Towards the end of the tour, our hosts in Nottingham, owners of a wonderful jazz club called Peggy's Skylight, put us up at their homes. The foliage in front of one of the houses along the street was decidedly American, with pampas grass and Virginia creeper.

The wannabe urban planner in me would like to take a moment to heap praise upon shallow setbacks, which I will pretend is a botanical term for locating homes close to the street. The small front yard thus created is a manageable space for having a small garden. Princeton has some neighborhoods with these smaller setbacks, but where homes are placed far from the street, not only is it less likely one will get to know one's neighbor, but the vast front yard thus created is also too big for most people to garden. The solution most homeowners gravitate towards is a boring, sterile expanse of mowed lawn. In England, I was glad for the feeling of embrace the narrow streets and their close-in buildings create.

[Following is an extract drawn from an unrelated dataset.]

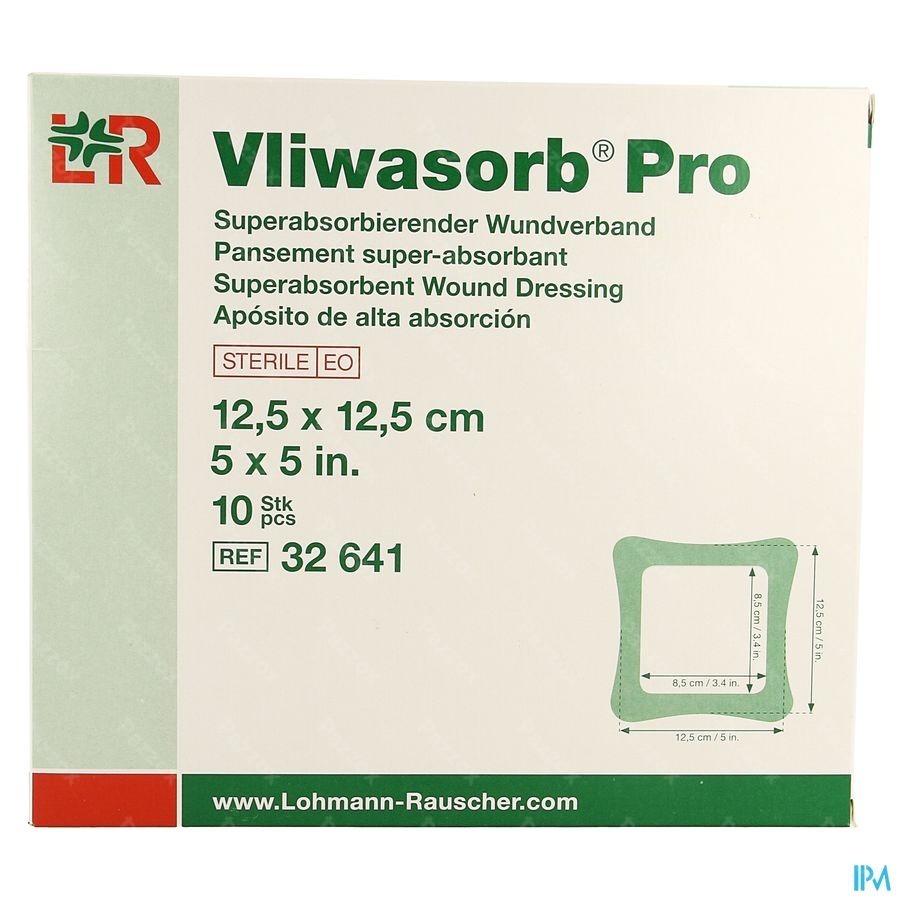 Vliwasorb Pro Pansement 12,5x12,5cm 10 32641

There's a wonderful post about Virginia creeper by a woman in London who describes herself this way: "Bug Woman is a slightly scruffy middle-aged woman who enjoys nothing more than finding a large spider in the bathroom."

The blogger's description of self begs the question: Are Brits more comfortable than Americans with self-deprecation? In downtown Nottingham, we saw the Ugly Bread Bakery, 
which was just up the street from the Fatface department store. Do words get upcycled in England, to turn a negative into a positive? Though people were not above occasional complaint, we picked up on considerable positive energy, with the word "brilliant" being sprinkled liberally upon various things and actions, the way we might use "awesome."

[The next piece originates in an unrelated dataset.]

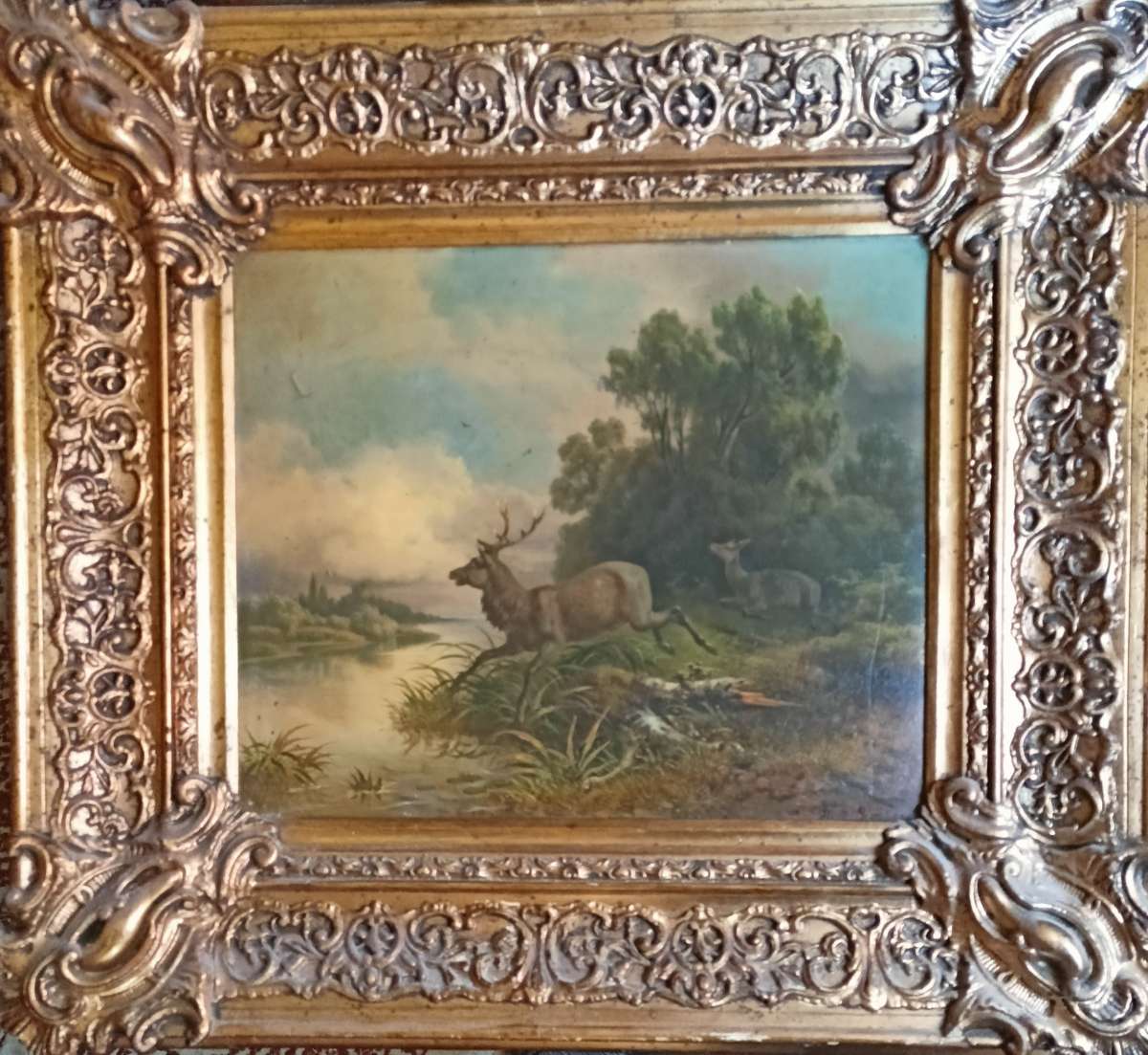 Landscape Painting with Deer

One plant doing very well in England is English ivy, which looks to be a bonafide native. Vines typically bloom only when they climb something, which is why you never see English ivy, Virginia creeper, or poison ivy blooming when they are only spreading across the ground.

Along with the loss of wildlife, there's also the mourning of the attrition of hedgerows in the countryside. Apparently a lot were removed after WWII, when farming shifted towards maximum production and the hedgerows were standing in the way of expanding fields. Our pianist for the week, Adam Biggs, lives in Bath and described to me how hedgerows are not so much planted as "laid". There's a whole technique to creating and maintaining hedgerows, which are promoted as important habitat for wildlife.

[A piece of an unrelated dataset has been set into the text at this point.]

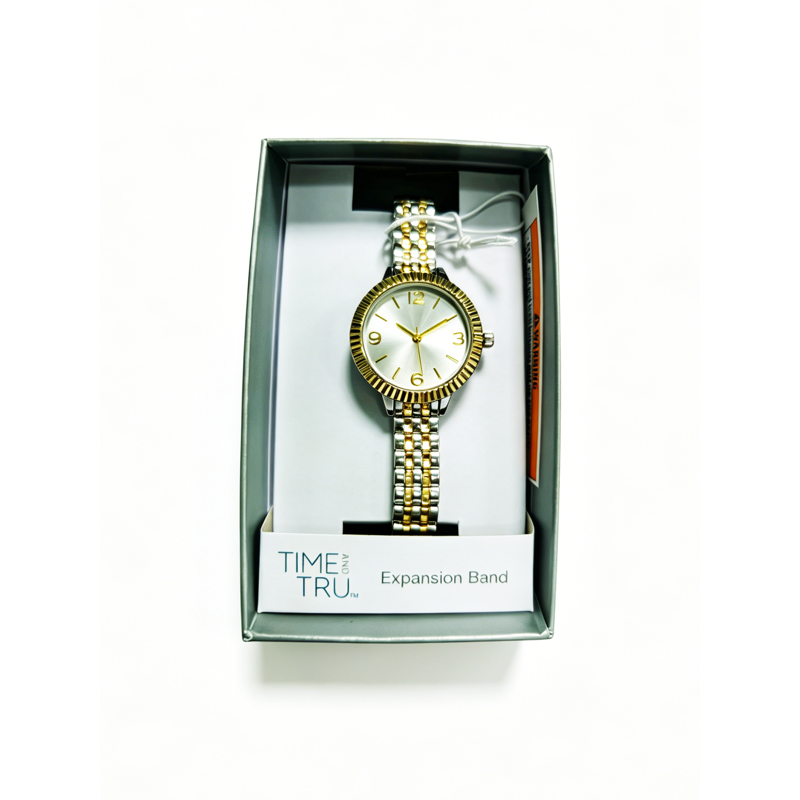 Women's Two-Tone Analogue Watch with Silver Dial and Gold Hands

We were fortunate in Nottingham to have an instantly likable host named Lex, a geographer with a liking for pirates and educational t-shirts.




A closer look reveals important anatomical differences between various strains of humanity.


Their dog is a small version of a pure bred fox hound, the runt of the litter. The sort that hunts foxes, Lex explained, are much larger and specially bred. He described the tradition of fox hunting historically as more a form of warfare than sport--a means by which the upper class could demonstrate dominion over the lands populated by the tenant farmers. Fox hunting became logistically difficult as the landscape became more broken up into smallholder parcels whose owners were less willing to go along with the periodic invasion. 



While we found Robin Hood hanging out next to Nottingham Castle, built over ancient sandstone caves, he'd now have to drive an hour north to reach what remains of Sherwood Forest. There was no time for that, even though it looks like there's an amazingly old oak up there called the Major Oak.

We didn't see any fairs in Scarborough, but we did go, and did play for a thousand people at the jazz festival there. They called our music "joy jazz"--a new genre. Half the joy was in the music. The other half was in getting to see England and meet some of its people.